By Frank Tang - Analysis

NEW YORK (Reuters) - Even as fears of deflation prompted the U.S. Federal Reserve on Tuesday to slash interest rates to the bone, gold retained its allure as an inflation hedge among investors watching central banks flood financial markets with money.

The conventional wisdom is that the price of bullion, seen as a safe haven that retains value in times of inflation, will drop on the threat of deflation, a devastating economic state in which overall prices decline.

But fund managers said they expect gold to stay well bid as central banks expand money supply to bolster the economy at the expense of fighting inflation.

"Gold does not benefit from deflation, but rather it benefits from the cure of the deflation," said Axel Merk, manager of the Merk Hard and Asian Currency Funds, with $300 million of assets.

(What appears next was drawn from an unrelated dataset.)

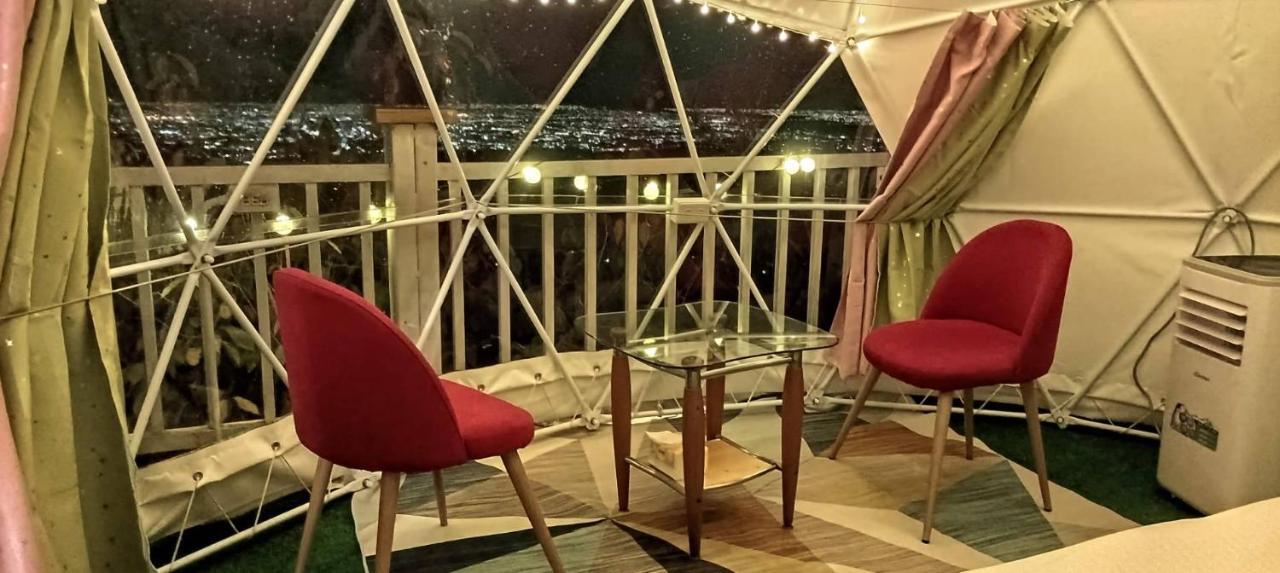 Sky Lounge B&B Zhushan Bagian luar foto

With U.S. rates and Treasury yields at rock bottom, Merk said, the dollar will weaken.

The Fed cut its target for overnight interest rates to a record low zero to 0.25 percent. The central bank said it would employ "all available tools" to dispel a year-long recession.

Brian Hicks, co-manager of the $500 million Global Resources Fund at U.S. Global Investors, said he expected gold to revisit $1,000 some time next year, driven by negative real interest rates and the massive amount of money to be injected into the system by central banks.

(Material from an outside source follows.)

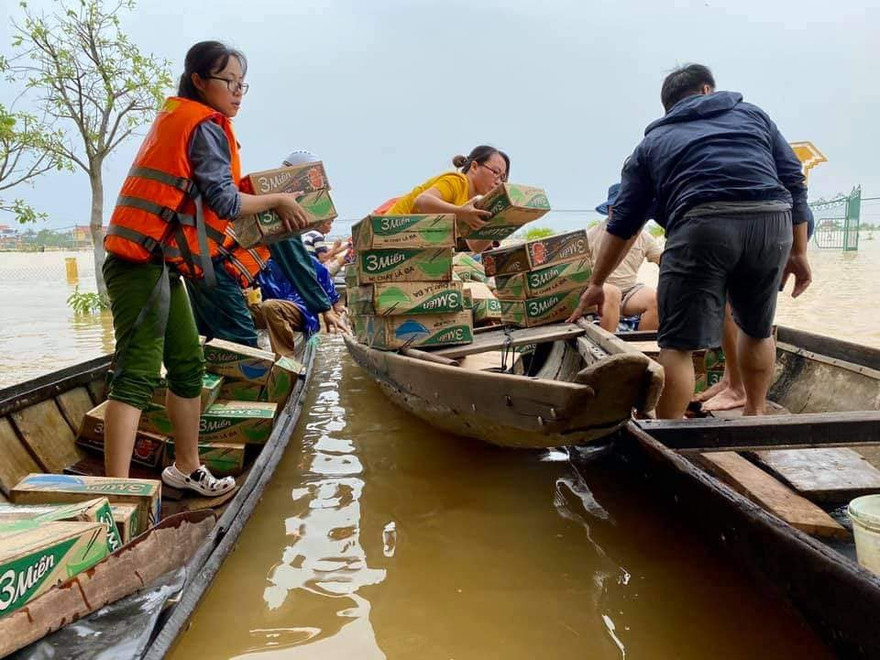 Nhiều nơi tại miền Trung bị ngập sâu trong nhiều ngày dẫn đến thiếu lương thực (ảnh: Cán bộ xã Hương Vinh, Thị xã Hương Trà, T.T.Huế vận chuyển mì gói từ các mạnh thường quân đến người dân)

"At some point, the market is going to transition from an environment of concerns over deflation to an environment of concerns over inflation, and that's the real inflection point for gold," said Hicks.

On Tuesday, U.S. February gold futures and spot gold both rose above $850 an ounce. Gold remains nearly 20 percent below the all-time high of $1,030.80 it hit on March 17. It fell amid a wave of "deleveraging" in which investors sold bullion for cash to cover margin calls amid losses in other assets.

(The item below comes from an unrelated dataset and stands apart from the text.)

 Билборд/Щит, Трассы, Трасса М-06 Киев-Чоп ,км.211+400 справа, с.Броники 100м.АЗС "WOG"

GOLD AS A MONETARY VEHICLE

However, fund managers said a major obstacle to gold's rise would be removed as the market has already seen most investment liquidation and as fund redemption eased after the U.S. stock market plummeted to an 11-year low.

"There aren't many assets that are desirable now, and gold is showing its true color as a financial asset," while other industrial metals such as copper were falling in sympathy of a weakening economy, said Bill O'Neill, managing partner of LOGIC Advisors.

O'Neill said gold has still attracted strong demand in the physical market, with unprecedented buying in gold coins and bullion bars in the last several months even as most asset prices dropped.

Caesar Bryan, portfolio manager of GAMCO Gold Fund, said bullion could rally against most currencies as major industrial countries fight recession using policies that should depreciate their currencies.

"When confidence falters in paper currencies and other investment assets, then interest rises in gold. I think that is where we are," said Bryan, who manages $360 fund assets.